Source data:

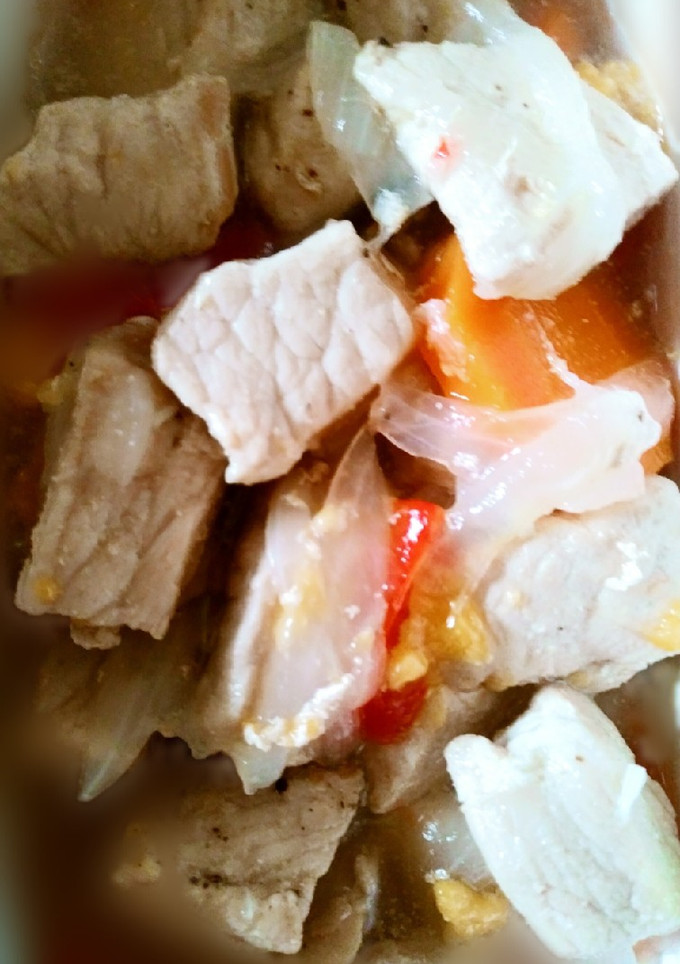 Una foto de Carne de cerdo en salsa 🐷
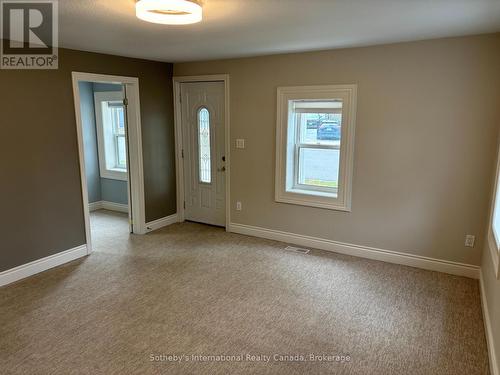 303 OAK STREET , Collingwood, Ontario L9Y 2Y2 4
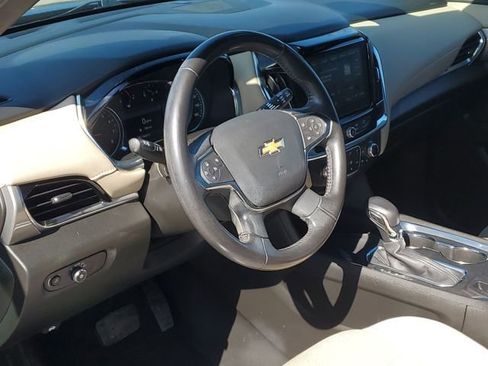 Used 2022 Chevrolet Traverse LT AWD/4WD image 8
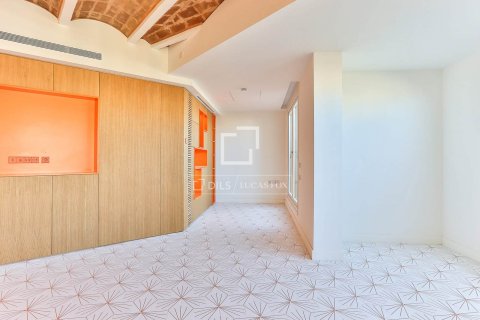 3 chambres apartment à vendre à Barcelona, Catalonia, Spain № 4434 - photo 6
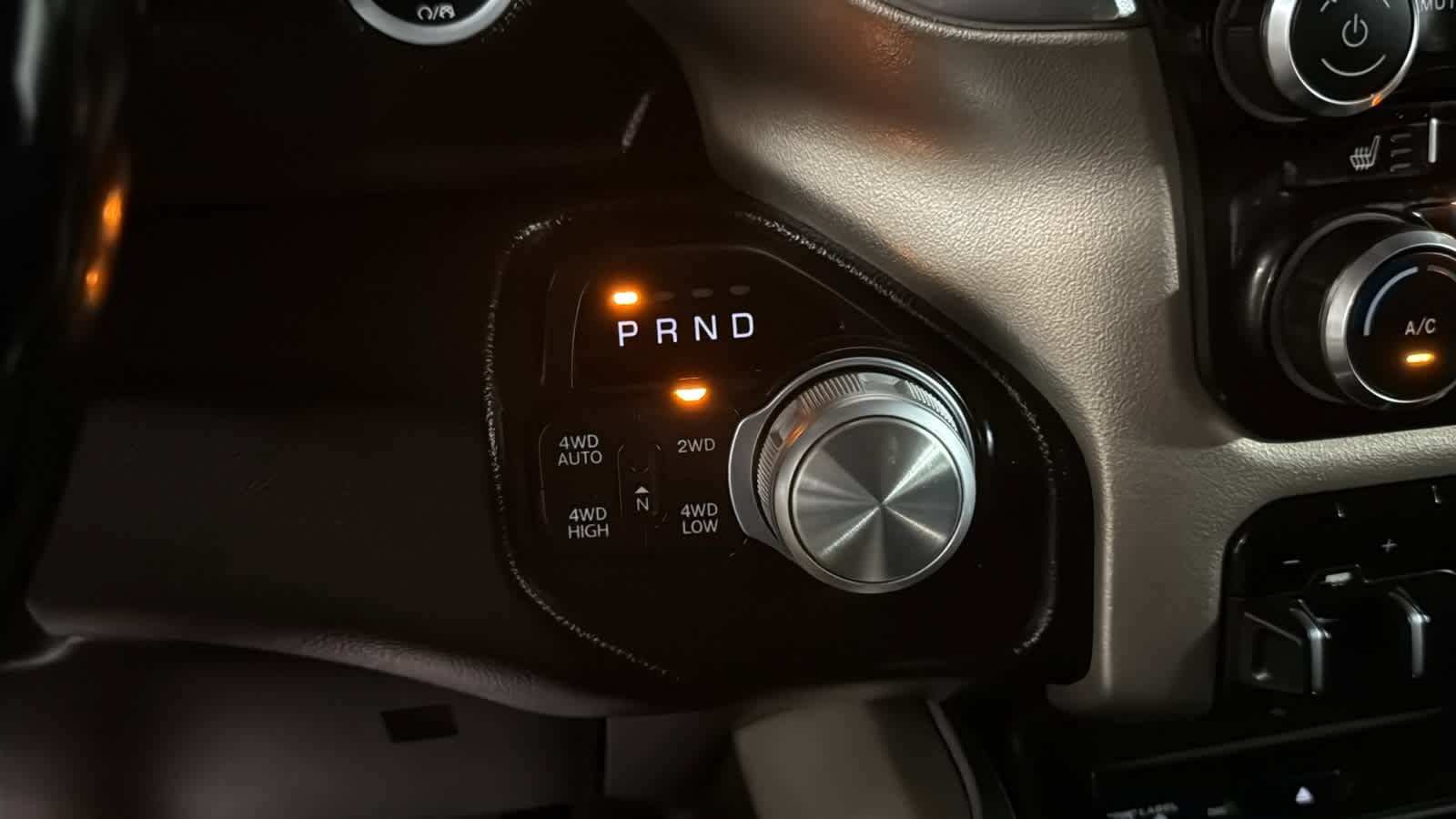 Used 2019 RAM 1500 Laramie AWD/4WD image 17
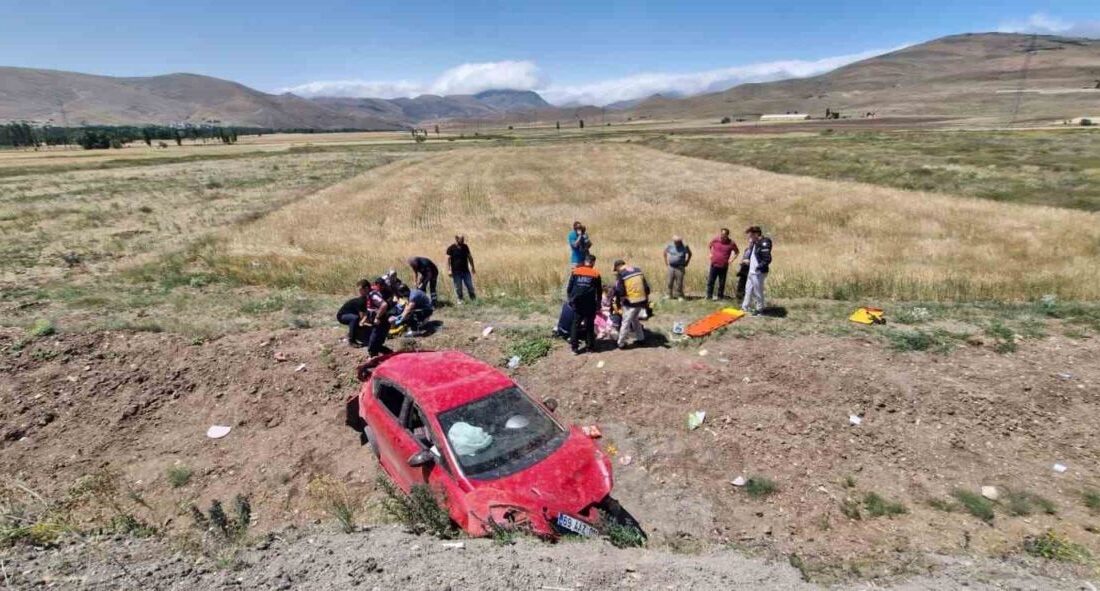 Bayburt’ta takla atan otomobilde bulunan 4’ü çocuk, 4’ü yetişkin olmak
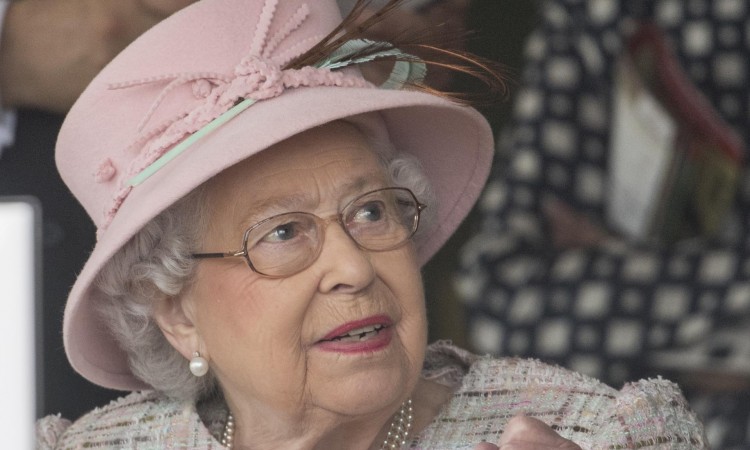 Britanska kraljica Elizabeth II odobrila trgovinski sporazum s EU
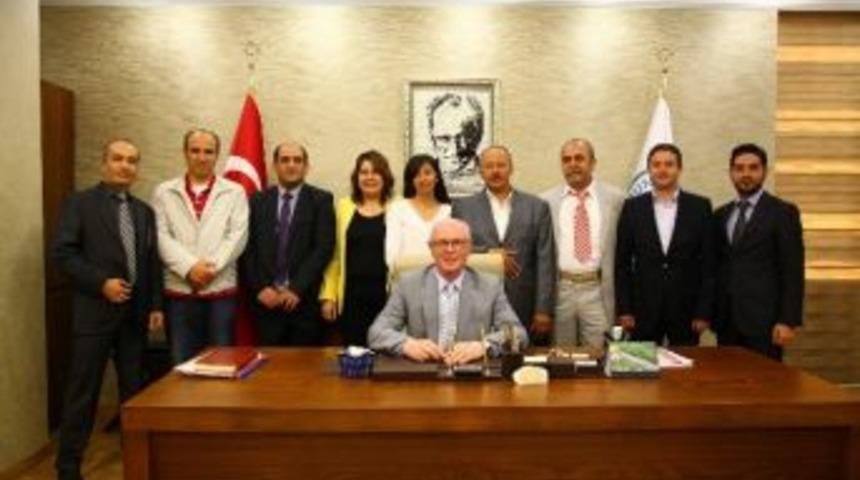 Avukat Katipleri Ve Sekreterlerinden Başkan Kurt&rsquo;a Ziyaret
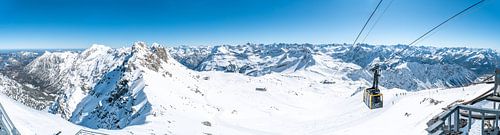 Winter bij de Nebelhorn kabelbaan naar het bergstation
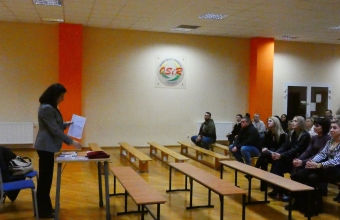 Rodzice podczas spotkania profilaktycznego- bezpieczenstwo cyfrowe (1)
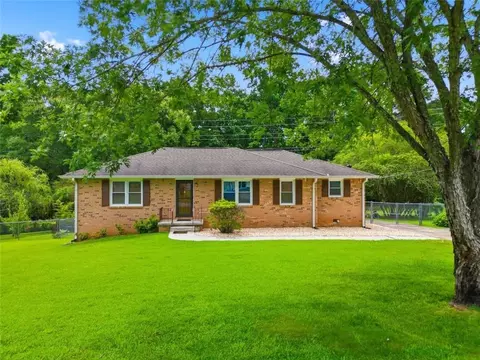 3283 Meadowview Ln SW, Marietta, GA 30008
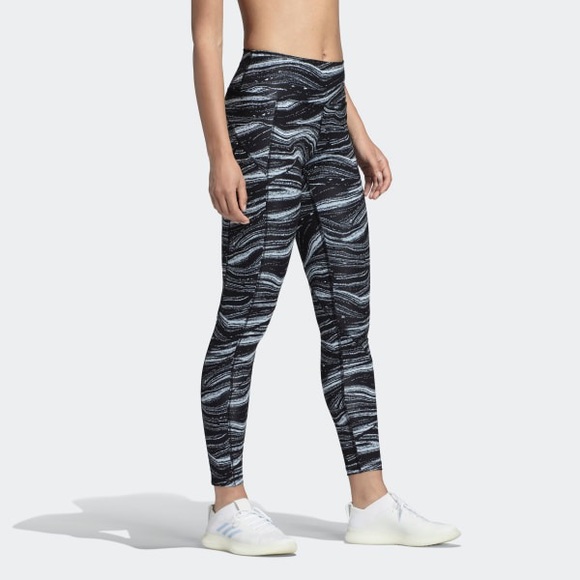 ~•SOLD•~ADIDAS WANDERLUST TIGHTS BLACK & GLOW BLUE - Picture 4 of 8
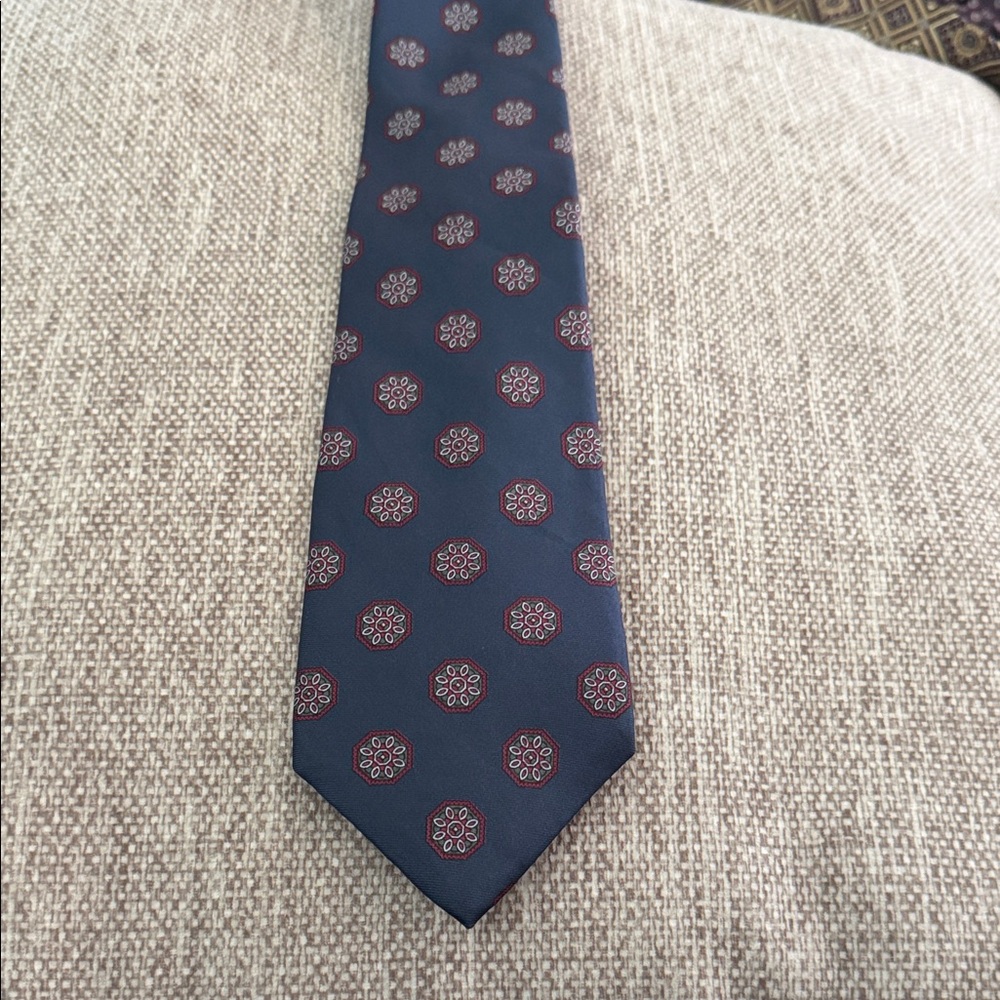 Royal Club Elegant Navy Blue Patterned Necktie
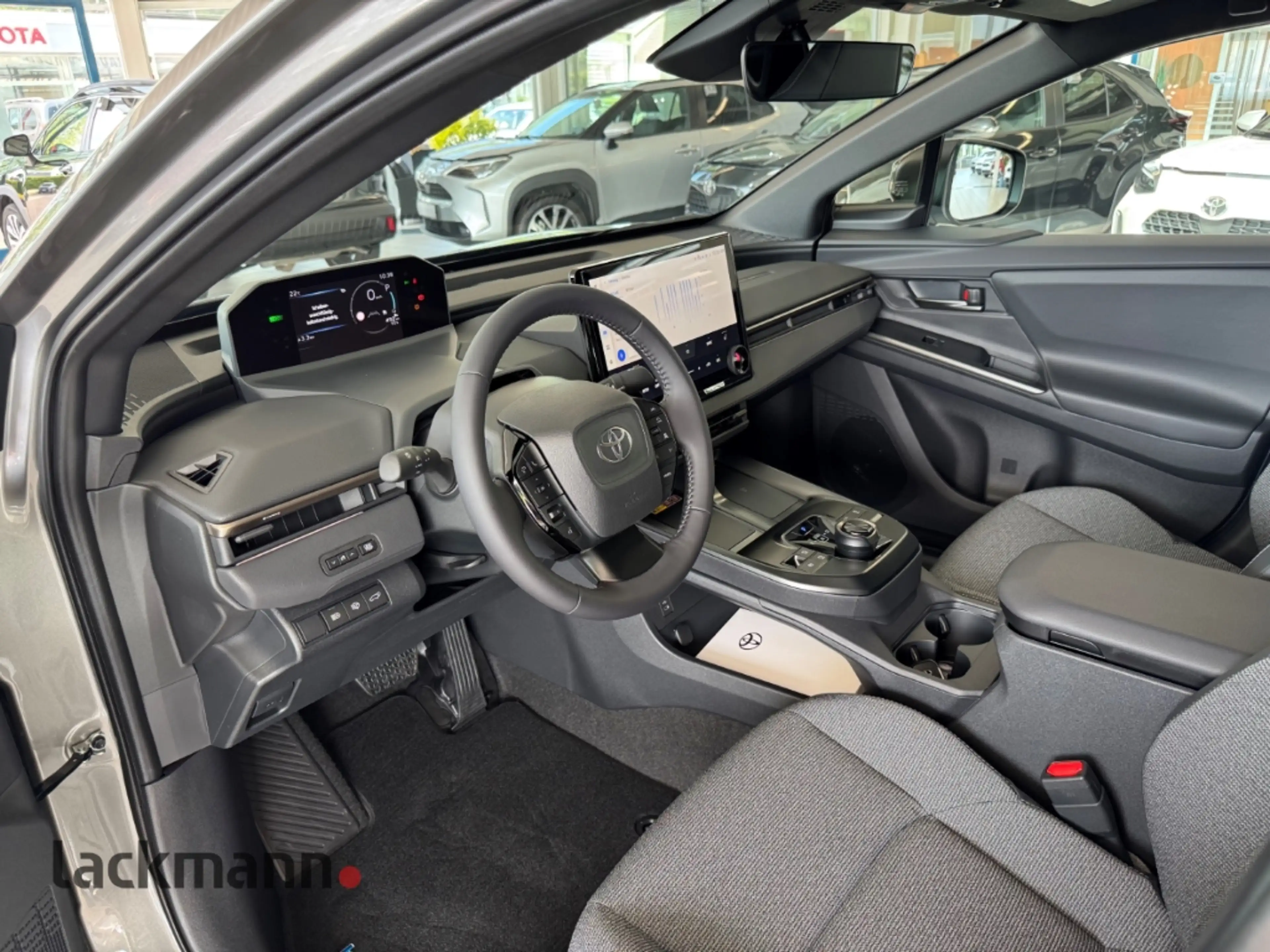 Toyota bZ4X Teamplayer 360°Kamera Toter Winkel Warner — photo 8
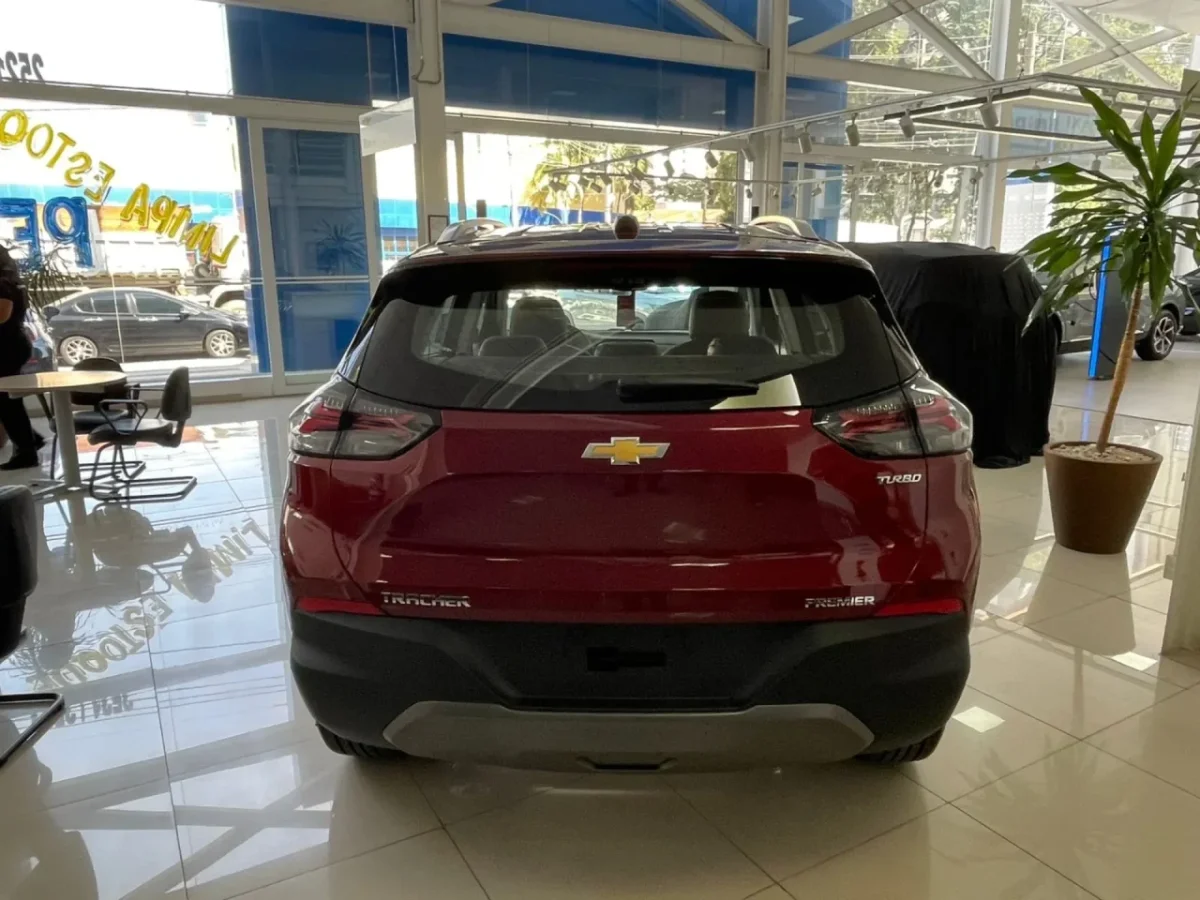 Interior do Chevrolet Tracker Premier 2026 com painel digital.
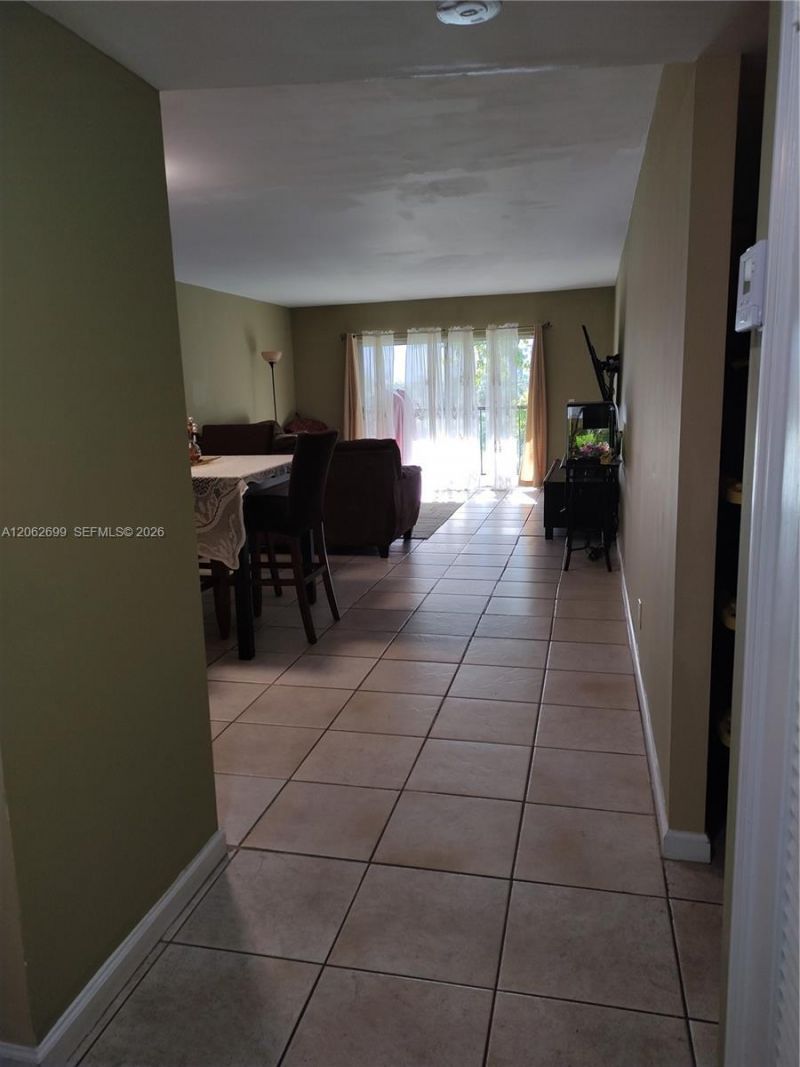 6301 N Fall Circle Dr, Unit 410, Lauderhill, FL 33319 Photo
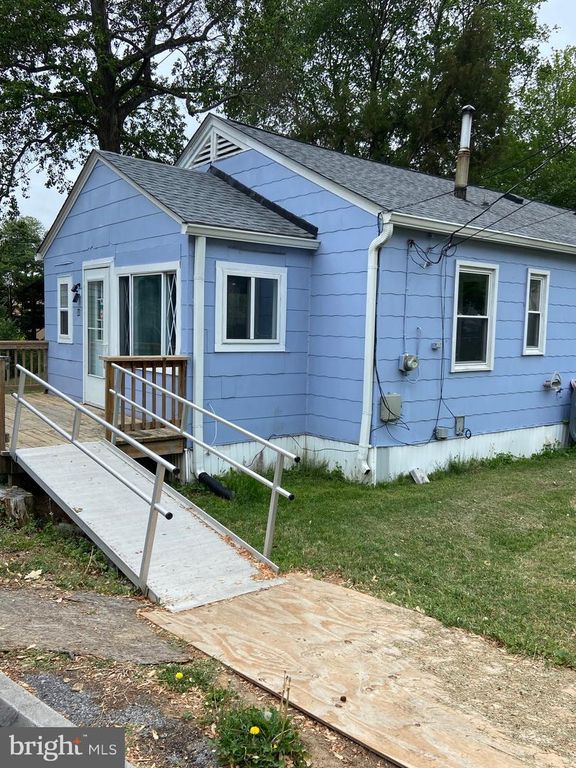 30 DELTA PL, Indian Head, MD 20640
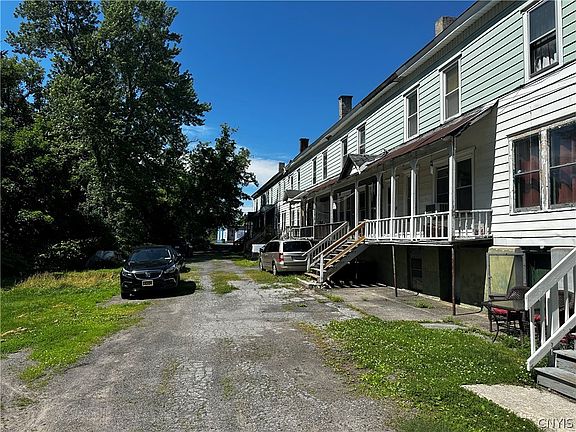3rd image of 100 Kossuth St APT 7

Task details: Print exactly the lines from the first line of the records above through the line containing "Winter bij de", leaving out the pictures.

Result of this task:
 Una foto de Carne de cerdo en salsa 🐷
 303 OAK STREET , Collingwood, Ontario L9Y 2Y2 4
 Used 2022 Chevrolet Traverse LT AWD/4WD image 8
 3 chambres apartment à vendre à Barcelona, Catalonia, Spain № 4434 - photo 6
 Used 2019 RAM 1500 Laramie AWD/4WD image 17
 Bayburt’ta takla atan otomobilde bulunan 4’ü çocuk, 4’ü yetişkin olmak
 Britanska kraljica Elizabeth II odobrila trgovinski sporazum s EU
 Avukat Katipleri Ve Sekreterlerinden Başkan Kurt&rsquo;a Ziyaret
 Winter bij de Nebelhorn kabelbaan naar het bergstation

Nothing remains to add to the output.